Start of DATA RECORDS

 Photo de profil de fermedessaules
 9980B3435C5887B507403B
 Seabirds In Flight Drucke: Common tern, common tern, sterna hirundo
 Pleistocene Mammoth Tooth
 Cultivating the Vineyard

End of DATA RECORDS
Start of DATA RECORDS

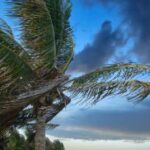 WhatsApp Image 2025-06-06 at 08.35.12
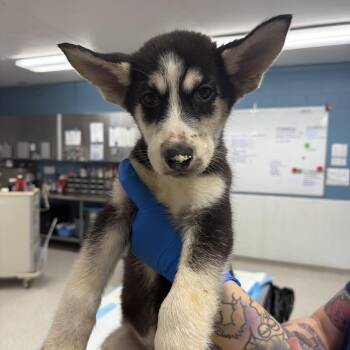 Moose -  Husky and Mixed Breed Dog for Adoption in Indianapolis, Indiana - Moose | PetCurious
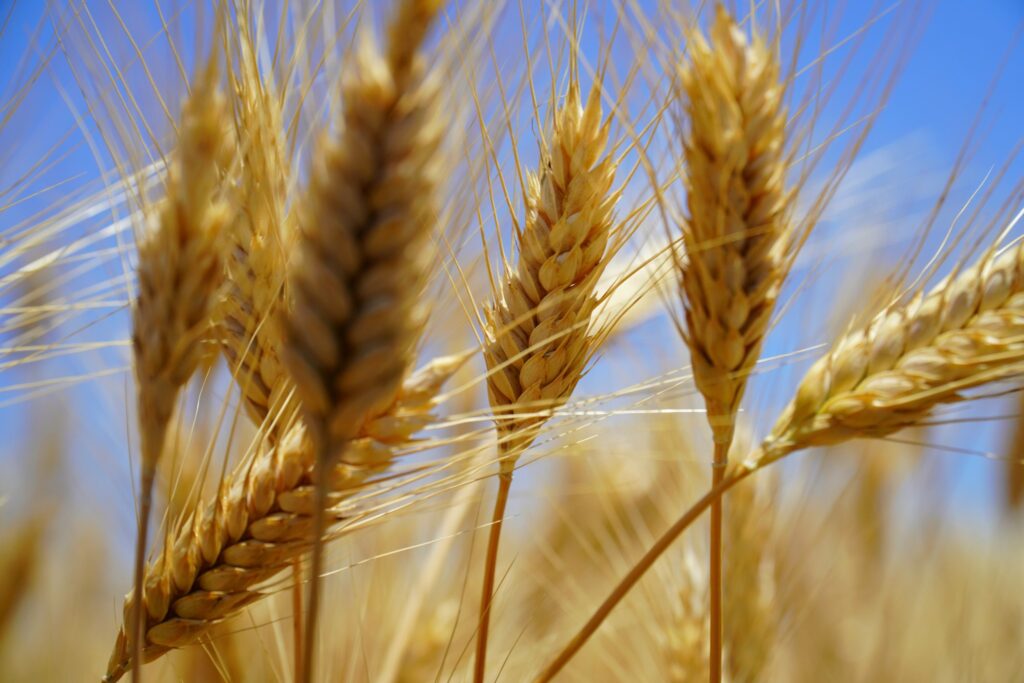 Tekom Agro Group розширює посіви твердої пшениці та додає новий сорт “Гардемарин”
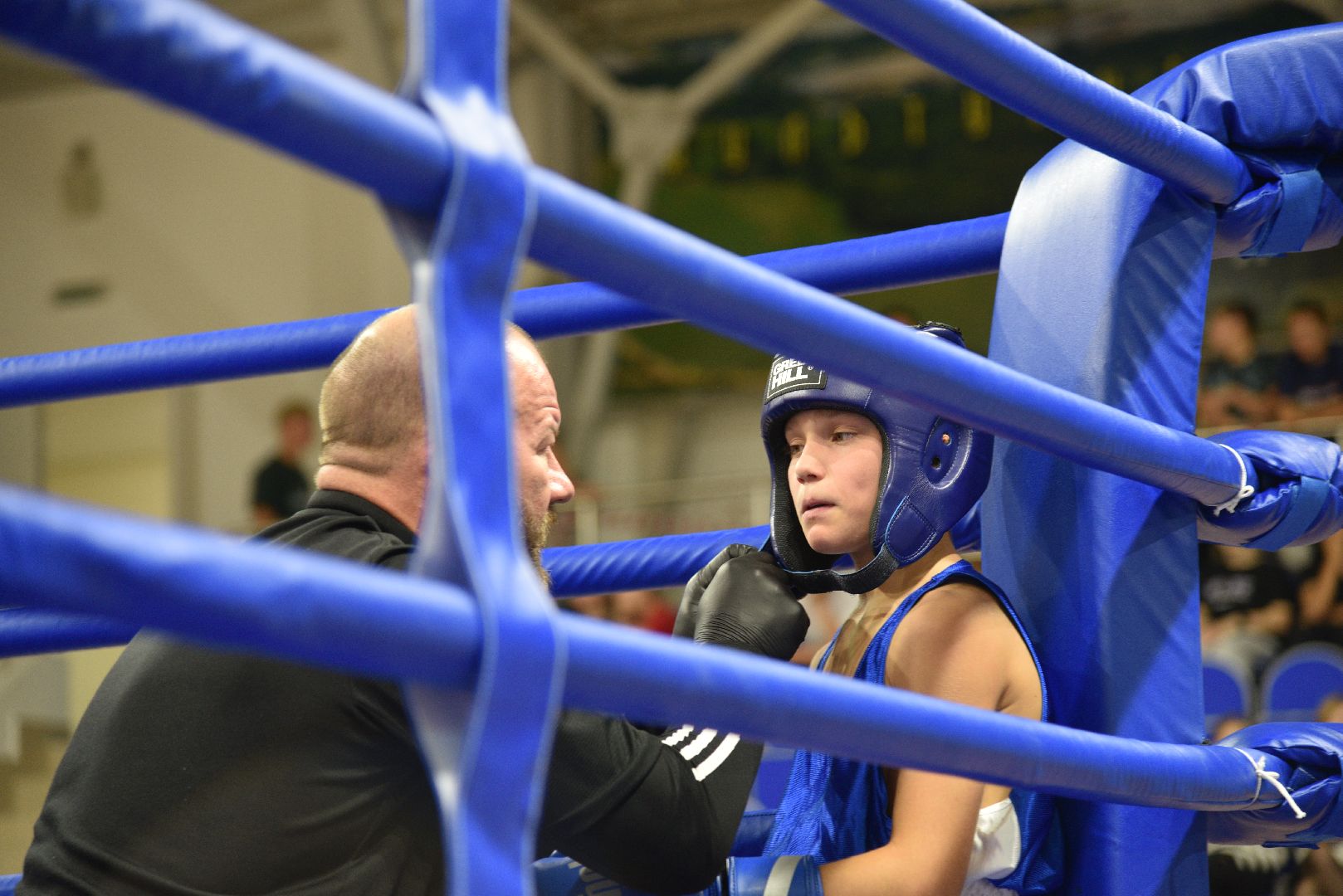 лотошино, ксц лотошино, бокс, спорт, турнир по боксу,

End of DATA RECORDS

#### [WORK TASK]
Look above for the line with "Tekom Agro Group", then give again exactly every line from there through the line with "лотошино, ксц лотошино, бокс, спорт, турнир", skipping the pictures.

#### [OUTPUT OF THE EXERCISE]
 Tekom Agro Group розширює посіви твердої пшениці та додає новий сорт “Гардемарин”
 лотошино, ксц лотошино, бокс, спорт, турнир по боксу,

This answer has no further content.